Mulled Cider with Bourbon
Cloudy apple cider mulled gently with cinnamon, clove and orange, then laced with bourbon off the heat for a warming autumn-into-winter cup.
Ingredients
- 750 ml cloudy apple cider
- 120 ml bourbon
- 30 g maple syrup or brown sugar — to taste
- 2 cinnamon sticks
- 4 whole cloves
- 1 orange — sliced into rounds
Method
- Pour the cloudy apple cider into a saucepan with the cinnamon sticks, cloves and half the orange slices.
- Add the maple syrup or brown sugar and warm gently over a low heat, never letting it boil.
- Let it steep at a bare simmer for 10 to 15 minutes so the spices infuse.
- Remove the pan from the heat, then stir through the bourbon.

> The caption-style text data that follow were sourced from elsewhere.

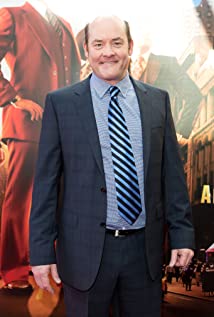 David Koechner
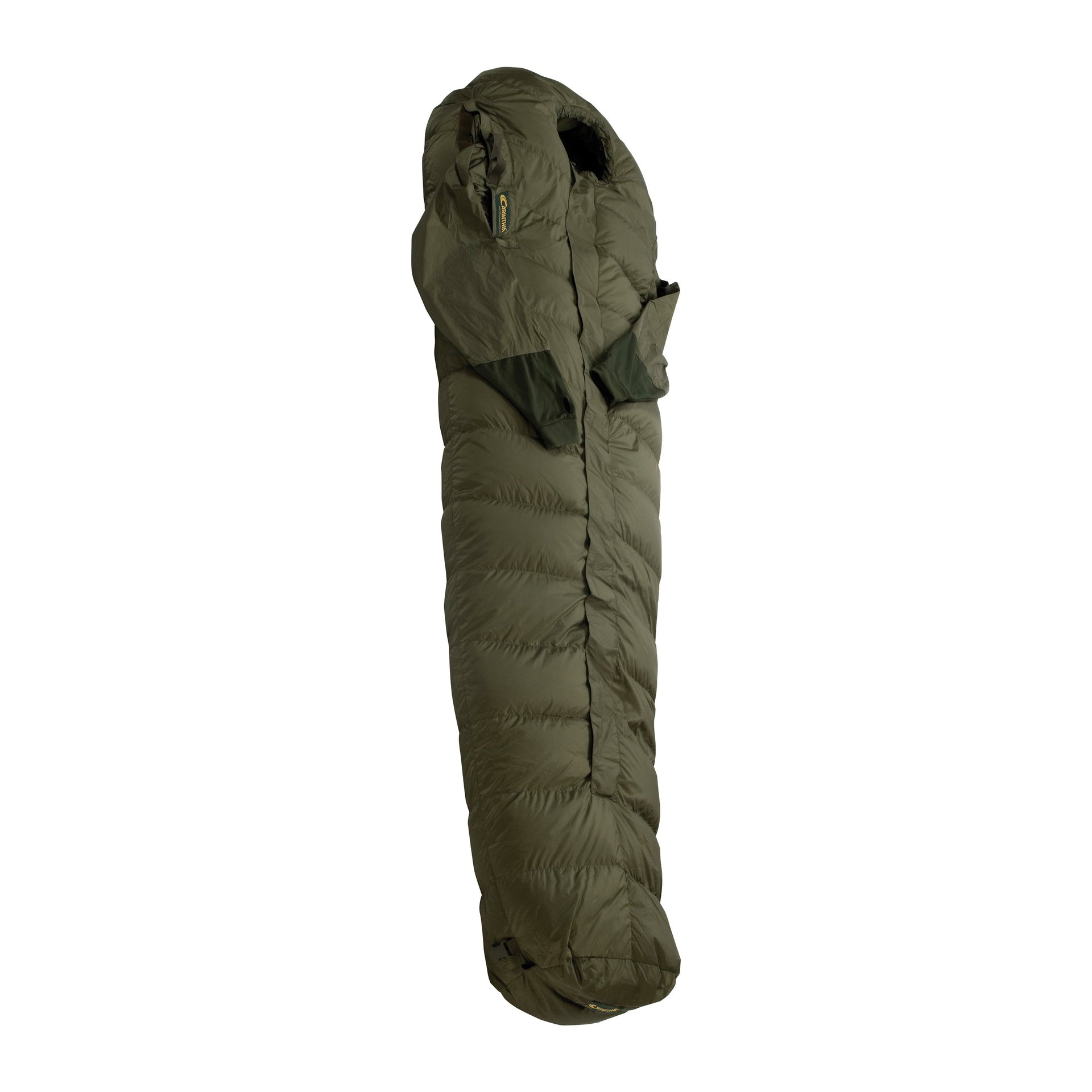 Sac de couchage Survival Down 1000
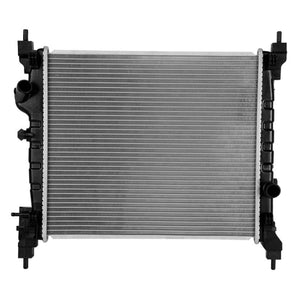 Radiador Chevrolet Beat 1.2 2018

- Ladle into heatproof mugs and garnish each with a fresh orange slice and a cinnamon stick.
How to serve
- Glassware
- Heatproof mug
- Serve temperature
- Warm, around 65°C
- Garnish
- Orange slice and cinnamon stick
Mulled cider is one of the easiest ways to fill a kitchen with the smell of winter, and a measure of bourbon gives it backbone. The whiskey’s vanilla and oak notes sit beautifully alongside cloudy apple and warm spice, turning a humble pan of cider into something worth gathering around. Keep the heat low throughout, and add the bourbon only once the pan is off the hob so its flavour stays bright.
Tips
Use cloudy cider rather than clear apple juice for a fuller, more orchard-like flavour. Taste before sweetening; some ciders are sharp and need a little maple, while others barely need any. A bare simmer is plenty, as boiling makes the spices turn bitter.

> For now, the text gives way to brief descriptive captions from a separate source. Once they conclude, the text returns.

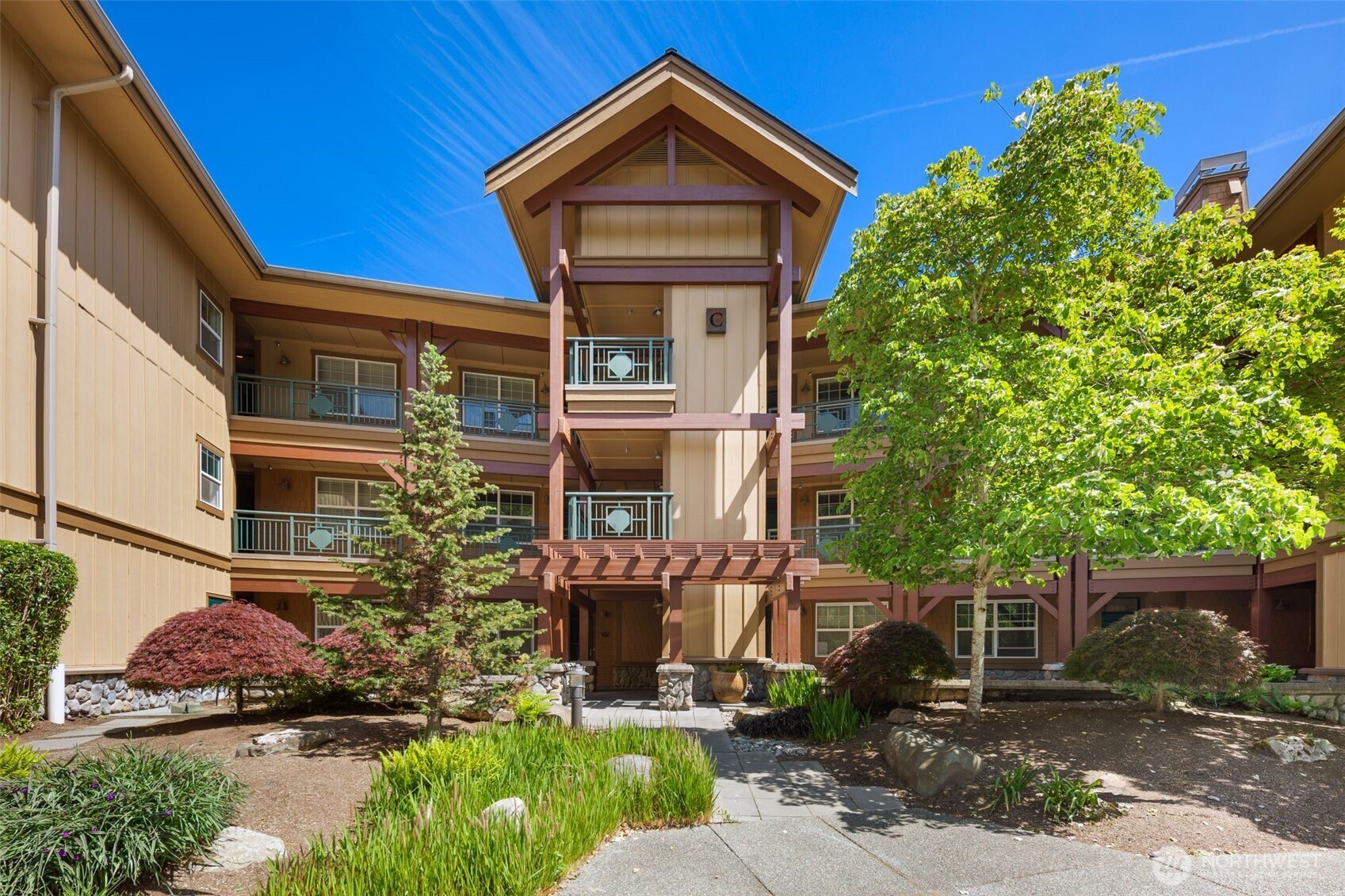 1000 Cabin Creek Lane SW Unit: C204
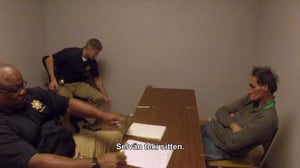 48 tuntia rikoksesta (12) - Sivulliset uhrit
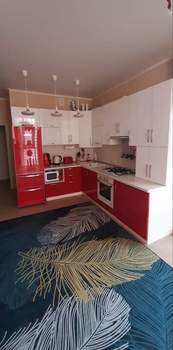 1-к квартира, вторичка, 53м2, 5/10 этаж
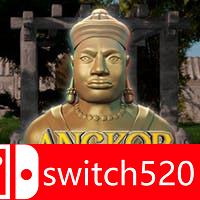 《Angkor: Runefall》游戏主图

This same gentle, spice-led method suits other spirits too. A small measure of Hot Apple Gin folded in off the heat brings a juniper-and-apple lift that plays nicely against the bourbon. For a fully spirit-forward bowl, you could even swap part of the whiskey for Hot Apple Gin and let the two share the spotlight.
Variations
Add a few thin slices of fresh ginger or a star anise for extra depth. A dash of Angostura bitters sharpens the finish, and a strip of lemon peel brightens the orchard fruit. For a richer cup, stir in a spoonful of apple butter as it warms.

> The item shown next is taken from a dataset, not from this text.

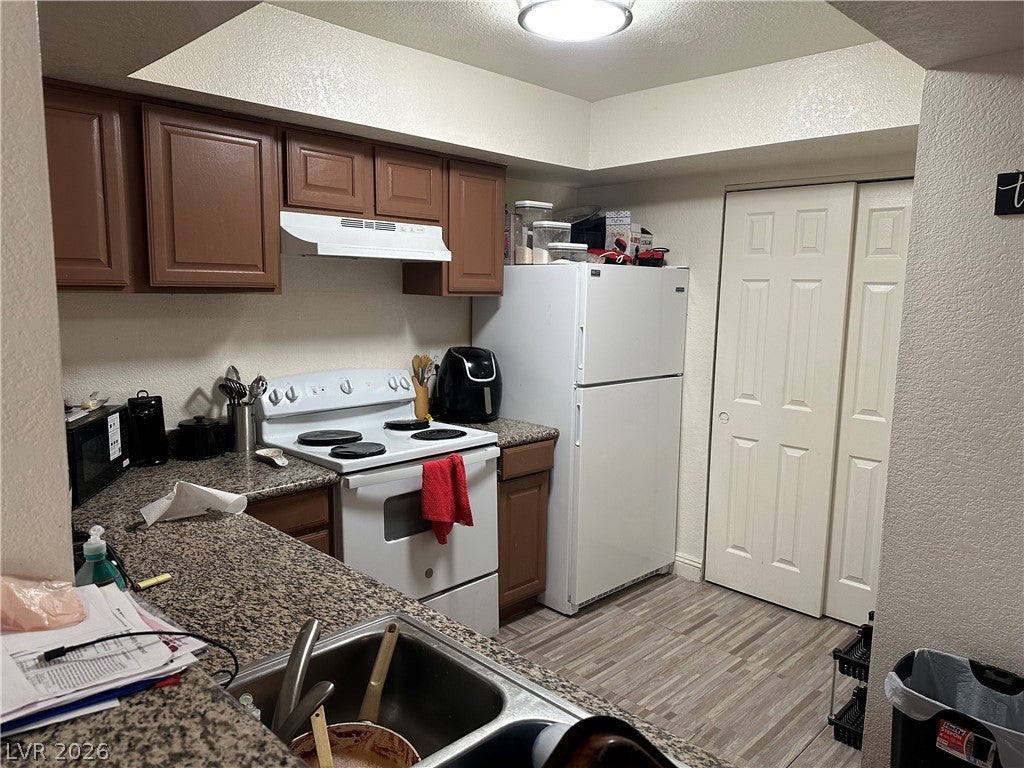 6800 E Lake Mead Boulevard 1124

Frequently asked questions
Should I use alcoholic or non-alcoholic cider?
Either works. Cloudy non-alcoholic apple cider keeps the focus on the bourbon, while a dry alcoholic cider gives a drier, sharper cup. Adjust the sugar to suit.
Why add the bourbon off the heat?
Boiling drives off the alcohol and dulls the bourbon's character. Stirring it in once the pan is off the heat preserves both the warmth and the flavour.
Can I make a larger batch?
Yes. Scale the cider and spices up proportionally and keep it on the lowest heat, adding the bourbon by the mugful so it does not cook off.